▸ Your goal
The copy should run from the line containing "used 2020 Honda" through the last line of the entries below, exactly as written, with pictures omitted.

[Opening Dataset extract section]

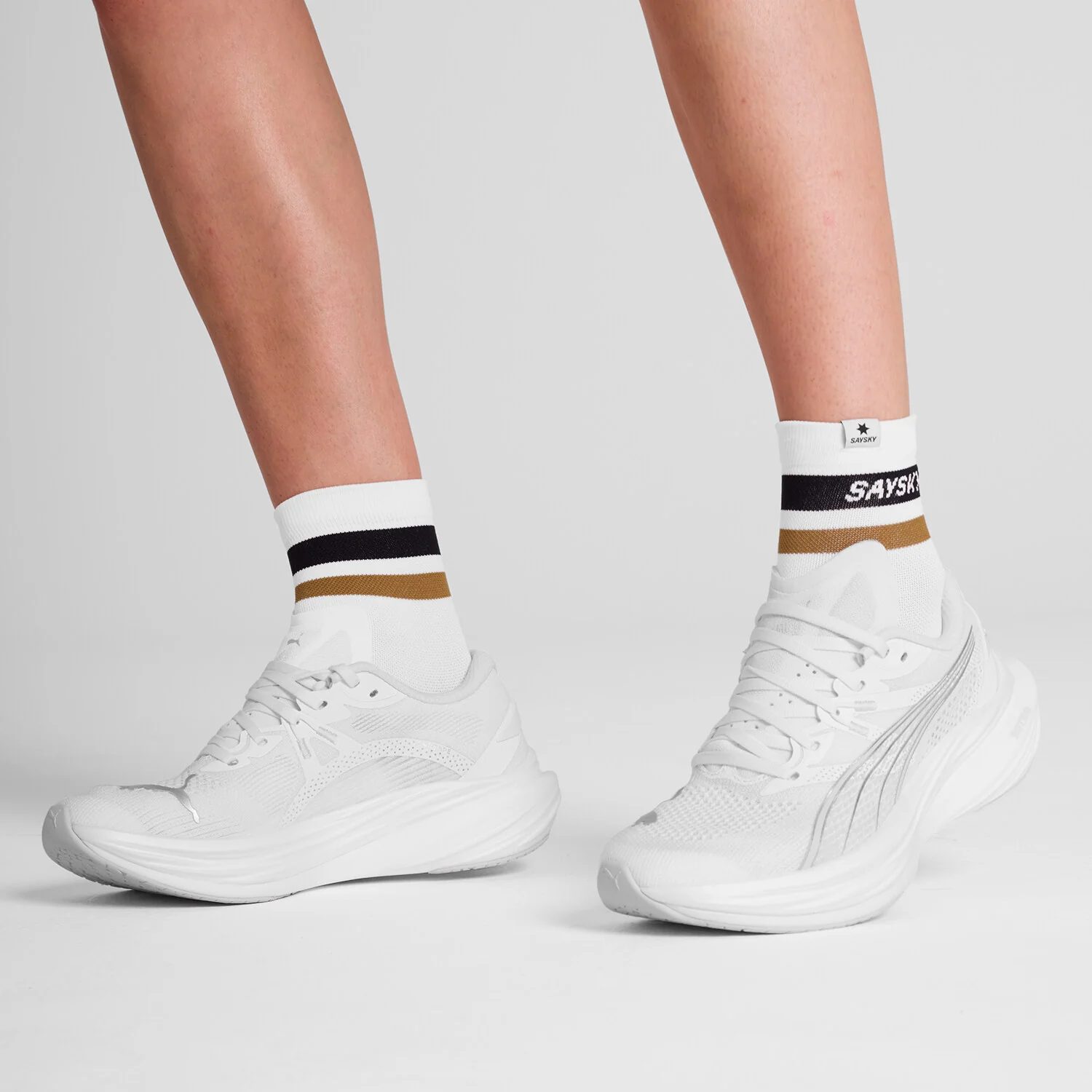 Combat Quarter Socks - Image 2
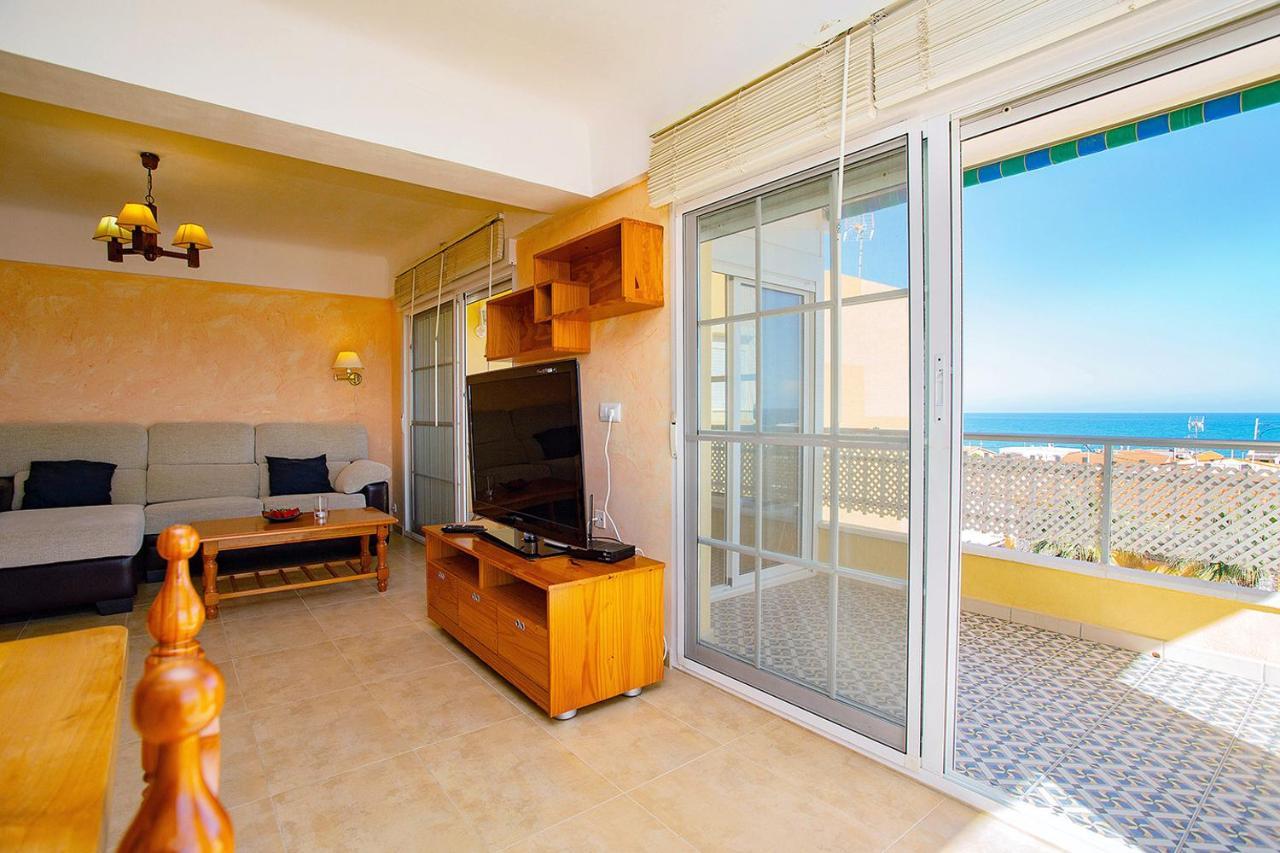 לה מאטה 130 Sur Sea - Alicante Holiday מראה חיצוני תמונה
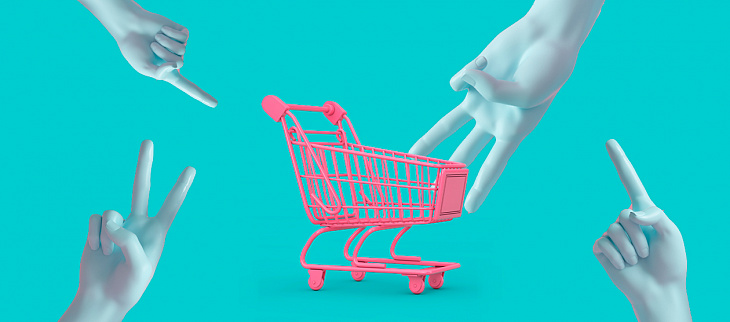 Как устроены совместные закупки? Секреты организаторов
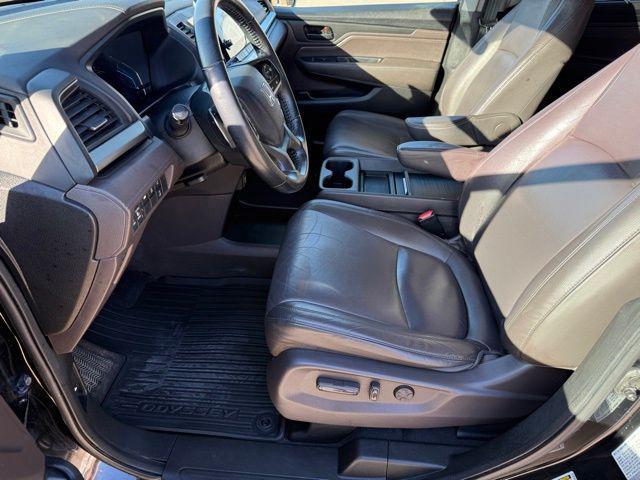used 2020 Honda Odyssey car, priced at $21,618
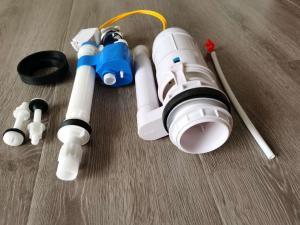 Wholesale Toilet Cistern Flapper Valve from china suppliers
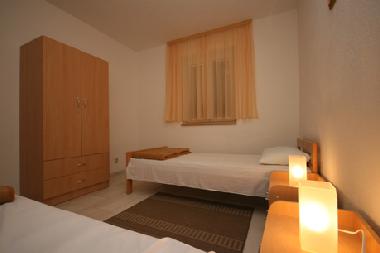Apartamento de vacaciones en Supetar , Mirca (Splitsko-Dalmatinska)Casa de vacaciones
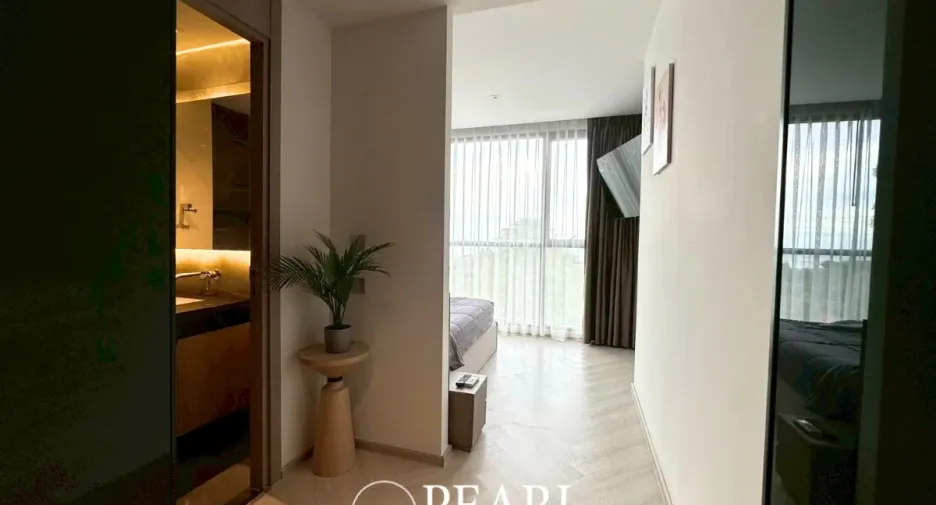 For sale 2 bedrooms condo in Bang Lamung, Chonburi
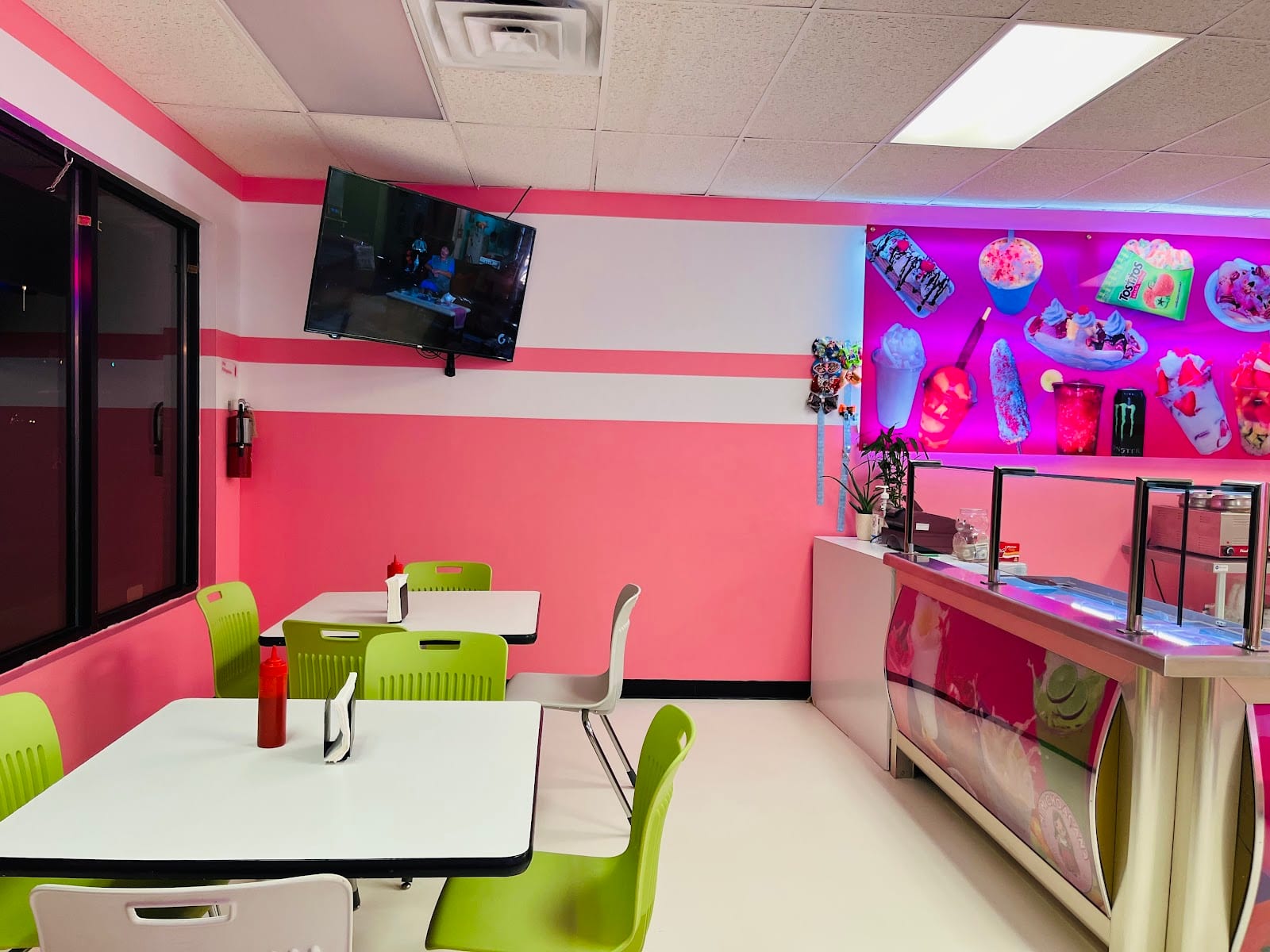 Mi Michoacana Ice Cream and More, photo 2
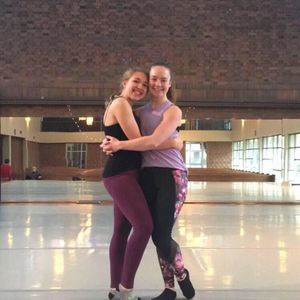 Meet your Posher, Madalyn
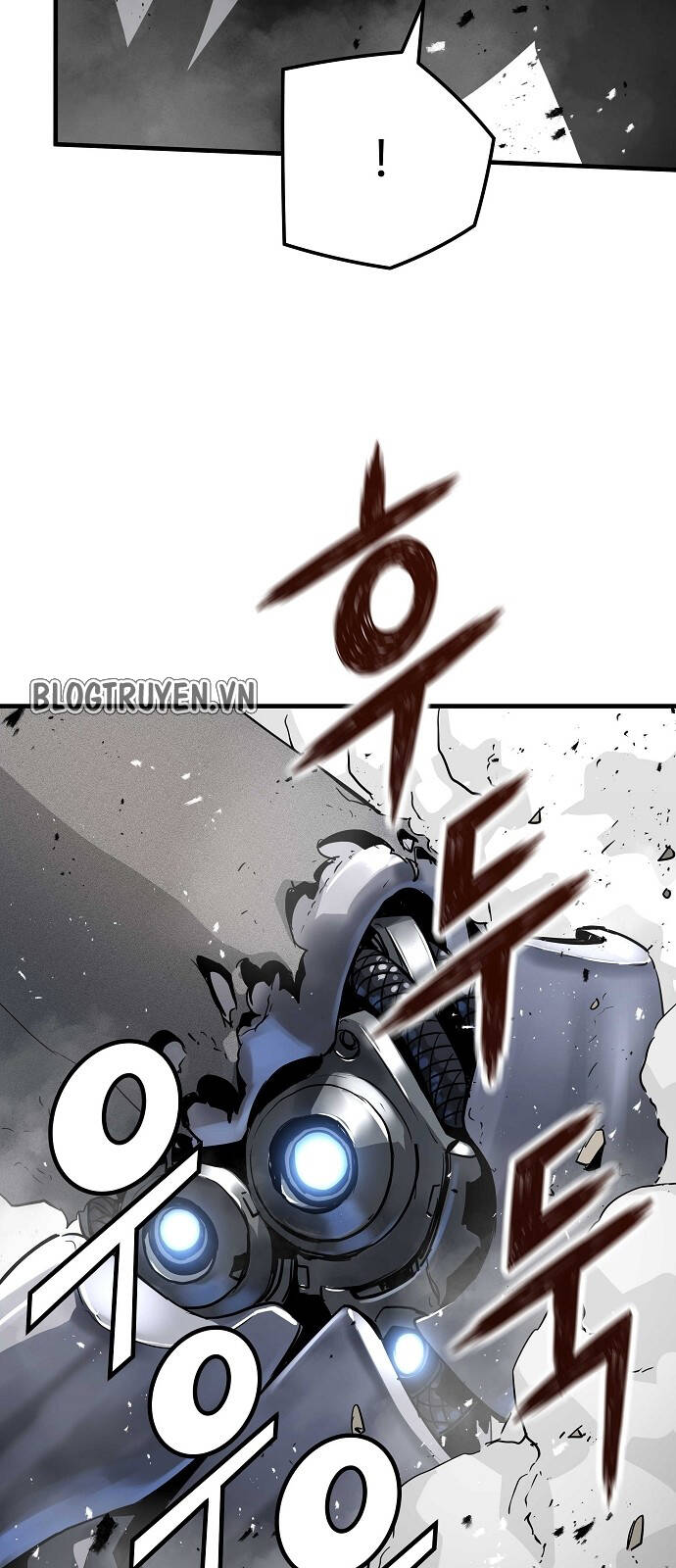 The Breaker 3: Quyền Năng Vô Hạn Chapter 21 - Next Chapter 22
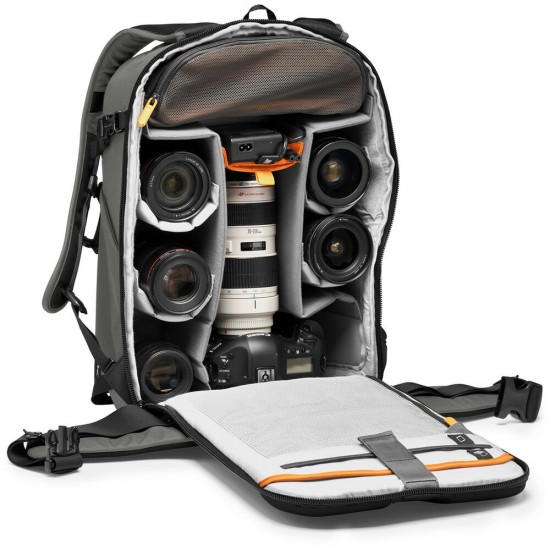 Lowepro Mochila Flipside 400 AW III (negro)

[Closing Dataset extract section]

▸ Result for this exercise
used 2020 Honda Odyssey car, priced at $21,618
 Wholesale Toilet Cistern Flapper Valve from china suppliers
Apartamento de vacaciones en Supetar , Mirca (Splitsko-Dalmatinska)Casa de vacaciones
 For sale 2 bedrooms condo in Bang Lamung, Chonburi
 Mi Michoacana Ice Cream and More, photo 2
 Meet your Posher, Madalyn
 The Breaker 3: Quyền Năng Vô Hạn Chapter 21 - Next Chapter 22
 Lowepro Mochila Flipside 400 AW III (negro)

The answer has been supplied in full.